Soon after we entered, a band of what they called music, struck up a concert. And here again the notion of the owl and the ass struck me with increased force, as peculiarly presiding over their music: for no other combination of sounds that I know on earth, but the screeching of the one, and the braying of the other, could form any thing to resemble this concert, with which the auditory seemed vastly pleased, though I was obliged to betake myself to flight, in order to get relief from the torture it gave me. The Turks, however, as I retreated, honoured me with a few remarks, which as I did not understand, I could not precisely feel; my friend however told me, they were to the effect that we were Frangi Dumus (Frank Hog), and had no more ear than that filthy animal for music.

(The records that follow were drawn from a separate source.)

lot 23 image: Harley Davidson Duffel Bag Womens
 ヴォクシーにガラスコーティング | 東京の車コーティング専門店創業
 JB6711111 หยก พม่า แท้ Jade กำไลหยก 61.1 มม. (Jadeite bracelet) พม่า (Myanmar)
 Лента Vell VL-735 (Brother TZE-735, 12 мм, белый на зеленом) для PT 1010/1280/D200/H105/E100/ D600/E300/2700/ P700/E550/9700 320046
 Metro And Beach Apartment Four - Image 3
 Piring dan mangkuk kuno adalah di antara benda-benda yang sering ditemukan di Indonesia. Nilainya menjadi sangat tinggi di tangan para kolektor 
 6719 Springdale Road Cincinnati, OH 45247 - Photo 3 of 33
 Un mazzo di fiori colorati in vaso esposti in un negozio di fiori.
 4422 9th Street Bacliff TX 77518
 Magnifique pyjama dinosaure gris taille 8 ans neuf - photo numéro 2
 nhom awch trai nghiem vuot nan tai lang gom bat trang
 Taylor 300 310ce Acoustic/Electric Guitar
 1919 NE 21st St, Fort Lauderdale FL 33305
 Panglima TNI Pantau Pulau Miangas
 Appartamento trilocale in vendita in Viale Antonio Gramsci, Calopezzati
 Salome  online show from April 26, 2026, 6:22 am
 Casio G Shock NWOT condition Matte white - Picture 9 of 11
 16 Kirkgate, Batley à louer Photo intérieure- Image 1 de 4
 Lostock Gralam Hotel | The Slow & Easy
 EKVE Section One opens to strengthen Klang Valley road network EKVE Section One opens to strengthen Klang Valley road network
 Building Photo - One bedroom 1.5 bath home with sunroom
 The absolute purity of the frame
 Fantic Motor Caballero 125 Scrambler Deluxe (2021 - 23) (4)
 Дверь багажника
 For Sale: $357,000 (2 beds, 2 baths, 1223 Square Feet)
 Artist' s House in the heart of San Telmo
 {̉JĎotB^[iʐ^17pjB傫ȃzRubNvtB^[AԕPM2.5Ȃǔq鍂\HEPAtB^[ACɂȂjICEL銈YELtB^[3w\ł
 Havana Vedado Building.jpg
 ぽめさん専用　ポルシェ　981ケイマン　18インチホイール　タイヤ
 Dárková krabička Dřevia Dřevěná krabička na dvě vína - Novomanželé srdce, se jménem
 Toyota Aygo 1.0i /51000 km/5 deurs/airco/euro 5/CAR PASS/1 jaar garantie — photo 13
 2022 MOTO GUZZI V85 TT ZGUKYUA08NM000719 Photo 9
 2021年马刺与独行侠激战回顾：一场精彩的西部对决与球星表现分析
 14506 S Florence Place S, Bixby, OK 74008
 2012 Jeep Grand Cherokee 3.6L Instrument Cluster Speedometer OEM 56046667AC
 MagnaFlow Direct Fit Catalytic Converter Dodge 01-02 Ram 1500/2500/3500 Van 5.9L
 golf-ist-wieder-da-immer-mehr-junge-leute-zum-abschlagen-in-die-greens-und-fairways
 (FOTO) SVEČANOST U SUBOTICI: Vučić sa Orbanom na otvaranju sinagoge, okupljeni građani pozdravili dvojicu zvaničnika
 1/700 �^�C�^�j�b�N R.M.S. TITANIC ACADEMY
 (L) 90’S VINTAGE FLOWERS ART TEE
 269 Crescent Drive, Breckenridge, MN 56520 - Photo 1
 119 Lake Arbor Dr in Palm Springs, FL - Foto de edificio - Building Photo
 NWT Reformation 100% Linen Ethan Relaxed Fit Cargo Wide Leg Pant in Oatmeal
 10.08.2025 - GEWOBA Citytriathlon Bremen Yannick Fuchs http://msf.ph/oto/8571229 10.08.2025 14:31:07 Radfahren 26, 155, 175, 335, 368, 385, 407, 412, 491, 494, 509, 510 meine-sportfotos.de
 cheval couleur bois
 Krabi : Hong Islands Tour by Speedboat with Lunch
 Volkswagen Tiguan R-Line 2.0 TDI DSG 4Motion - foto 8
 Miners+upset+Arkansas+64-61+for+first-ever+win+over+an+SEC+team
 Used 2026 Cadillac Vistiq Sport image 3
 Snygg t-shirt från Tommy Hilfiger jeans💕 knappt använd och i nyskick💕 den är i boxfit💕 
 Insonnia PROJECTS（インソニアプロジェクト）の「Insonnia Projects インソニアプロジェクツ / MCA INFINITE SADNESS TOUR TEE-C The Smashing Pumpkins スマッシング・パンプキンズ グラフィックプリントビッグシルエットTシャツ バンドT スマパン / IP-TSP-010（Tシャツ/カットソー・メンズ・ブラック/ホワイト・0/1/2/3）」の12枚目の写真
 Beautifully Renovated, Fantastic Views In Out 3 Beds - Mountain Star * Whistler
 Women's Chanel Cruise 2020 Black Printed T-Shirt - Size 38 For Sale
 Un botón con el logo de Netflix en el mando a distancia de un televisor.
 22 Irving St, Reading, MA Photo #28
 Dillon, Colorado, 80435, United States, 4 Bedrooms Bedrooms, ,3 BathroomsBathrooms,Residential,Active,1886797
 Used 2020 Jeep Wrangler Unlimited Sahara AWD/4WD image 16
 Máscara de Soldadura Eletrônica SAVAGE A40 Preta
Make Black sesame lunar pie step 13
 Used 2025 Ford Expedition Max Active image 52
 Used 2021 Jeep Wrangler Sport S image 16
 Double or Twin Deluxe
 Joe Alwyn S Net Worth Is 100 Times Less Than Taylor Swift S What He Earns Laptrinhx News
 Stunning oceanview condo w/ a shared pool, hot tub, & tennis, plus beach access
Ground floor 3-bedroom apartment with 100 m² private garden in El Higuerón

Come, said my friend, don’t be discouraged!—But the music—the music! interrupted I.—Well then, said he, the music, or rather the sounds were execrable to be sure; they have at least served to establish this certainty, that there is nothing, however discordant or detestable, which habit will not reconcile us to. Doubt not, said he, that the best piece of Handel or Correlli, performed by the best band in Rome, would appear as ridiculous to them, as their concert did to us.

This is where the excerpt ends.